More on that Cairo speech
VDH reflects on the Cairo speech by President Obama and observes that the man really doesn’t understand human nature very well:
Most of you readers — in business, law, the professions — don’t continually praise your friends, competitors, and enemies (e.g., “Glad you got that job, Home Depot — we at Lowes didn’t really need it; what a wonderful bid you submitted, Hilton, much better than ours here at the Four Seasons; it was my fault here at Goldman Sachs that I didn’t match your better offer at Credit Suisse; I grew up working for the Royals, and can empathize why you Yankees don’t like us; it’s time we at Citibank apologized to Chase for our past cutthroat competition; we are just too arrogant over here at Delta and wanted to let you guys at United know that.”)
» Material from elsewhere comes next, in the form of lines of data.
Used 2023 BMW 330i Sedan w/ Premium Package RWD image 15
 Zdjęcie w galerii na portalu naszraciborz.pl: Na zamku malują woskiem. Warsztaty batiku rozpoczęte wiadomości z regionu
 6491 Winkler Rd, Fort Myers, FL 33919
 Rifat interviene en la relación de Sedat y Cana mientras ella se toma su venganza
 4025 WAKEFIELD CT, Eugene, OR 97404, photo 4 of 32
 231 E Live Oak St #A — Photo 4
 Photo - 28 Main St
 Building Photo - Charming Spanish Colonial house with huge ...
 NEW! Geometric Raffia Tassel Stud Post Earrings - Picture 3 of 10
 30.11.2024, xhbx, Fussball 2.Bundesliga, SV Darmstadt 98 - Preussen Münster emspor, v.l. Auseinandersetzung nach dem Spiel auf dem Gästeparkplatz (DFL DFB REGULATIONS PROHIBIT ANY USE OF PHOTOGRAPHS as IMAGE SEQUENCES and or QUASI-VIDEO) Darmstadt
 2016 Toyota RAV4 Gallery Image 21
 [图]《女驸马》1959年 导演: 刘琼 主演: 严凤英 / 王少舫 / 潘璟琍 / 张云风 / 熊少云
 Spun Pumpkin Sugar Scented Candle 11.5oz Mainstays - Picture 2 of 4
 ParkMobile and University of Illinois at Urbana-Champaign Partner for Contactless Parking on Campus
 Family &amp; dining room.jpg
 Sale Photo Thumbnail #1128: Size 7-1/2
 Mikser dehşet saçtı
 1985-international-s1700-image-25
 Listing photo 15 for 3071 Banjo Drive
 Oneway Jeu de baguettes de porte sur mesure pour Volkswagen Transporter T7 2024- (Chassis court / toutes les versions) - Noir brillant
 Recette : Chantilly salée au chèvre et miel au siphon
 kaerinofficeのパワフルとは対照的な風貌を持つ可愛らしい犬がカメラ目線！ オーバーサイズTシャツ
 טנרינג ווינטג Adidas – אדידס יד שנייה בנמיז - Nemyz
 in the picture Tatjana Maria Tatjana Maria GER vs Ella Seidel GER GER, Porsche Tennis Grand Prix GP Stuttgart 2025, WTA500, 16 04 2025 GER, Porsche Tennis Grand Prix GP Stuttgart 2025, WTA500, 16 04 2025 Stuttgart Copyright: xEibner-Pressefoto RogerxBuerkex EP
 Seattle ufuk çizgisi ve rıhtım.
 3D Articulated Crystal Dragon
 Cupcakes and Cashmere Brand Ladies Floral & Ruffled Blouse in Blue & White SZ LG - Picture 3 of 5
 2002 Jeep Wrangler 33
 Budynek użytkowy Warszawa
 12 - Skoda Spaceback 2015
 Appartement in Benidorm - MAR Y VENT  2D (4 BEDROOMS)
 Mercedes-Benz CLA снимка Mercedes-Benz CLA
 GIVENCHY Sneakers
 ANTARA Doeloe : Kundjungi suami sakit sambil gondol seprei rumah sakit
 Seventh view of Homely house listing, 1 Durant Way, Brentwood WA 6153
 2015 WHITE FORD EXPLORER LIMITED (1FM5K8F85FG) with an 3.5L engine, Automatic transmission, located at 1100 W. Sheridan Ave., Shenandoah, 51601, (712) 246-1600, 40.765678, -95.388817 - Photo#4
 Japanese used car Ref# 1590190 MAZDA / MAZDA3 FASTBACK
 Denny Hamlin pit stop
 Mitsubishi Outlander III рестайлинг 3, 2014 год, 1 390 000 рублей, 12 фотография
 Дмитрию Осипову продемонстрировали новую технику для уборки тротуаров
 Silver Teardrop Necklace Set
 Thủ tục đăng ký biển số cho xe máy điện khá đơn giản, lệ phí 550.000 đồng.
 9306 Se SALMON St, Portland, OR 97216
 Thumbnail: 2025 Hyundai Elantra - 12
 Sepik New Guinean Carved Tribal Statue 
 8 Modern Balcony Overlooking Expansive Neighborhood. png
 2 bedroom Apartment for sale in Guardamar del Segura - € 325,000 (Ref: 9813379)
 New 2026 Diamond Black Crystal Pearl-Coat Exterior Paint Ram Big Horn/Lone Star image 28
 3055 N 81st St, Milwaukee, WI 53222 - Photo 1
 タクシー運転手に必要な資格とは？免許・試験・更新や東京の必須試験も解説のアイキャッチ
The world sadly does not work that way. If one were to do that, we know the outcome: a group of rival execs would say “Hmmm, time to steal market share from Citibank, or Hilton isn’t really up to the arena anymore, let’s move in on its Western region, etc.” Only someone who has not been in the real world, but only marketed rhetoric without consequences (e.g., if Obama had a bad day organizing, or legislating, was he fired?) could believe such things. In short, Obama reminds me a little of myself -– at 26…
Obama will come to his senses with his ‘Bush did it’, reset button, moral equivalency, soaring hope and change, with these apologies to Europeans, his Arab world Sermons on the Mount to Al Arabiya, in Turkey, in Cairo, etc., his touchy-feely videos to Iran, his “we are all victims of racism” sops to Ortega, Chavez, and Morales. It is only a matter of when, under what conditions, how high the price we must pay, and whether we lose the farm before he gains wisdom about the tragic universe in which we live.
In our view, it is not yet clear that Hanson’s last paragraph will happen before it is too late to matter. Yet another scary thing is that we now have an America wherein much of Congress and it seems all of the media think having a college professor president is a grand idea.

June 8th, 2009 at 7:52 am
One could say that the era dominated by leftist-universalist thought in the U.S. began with a college professor. I suppose it’s fitting that it should end with one, too.
June 9th, 2009 at 8:03 am
I’d taken VDH in the oval office….BHO not so much.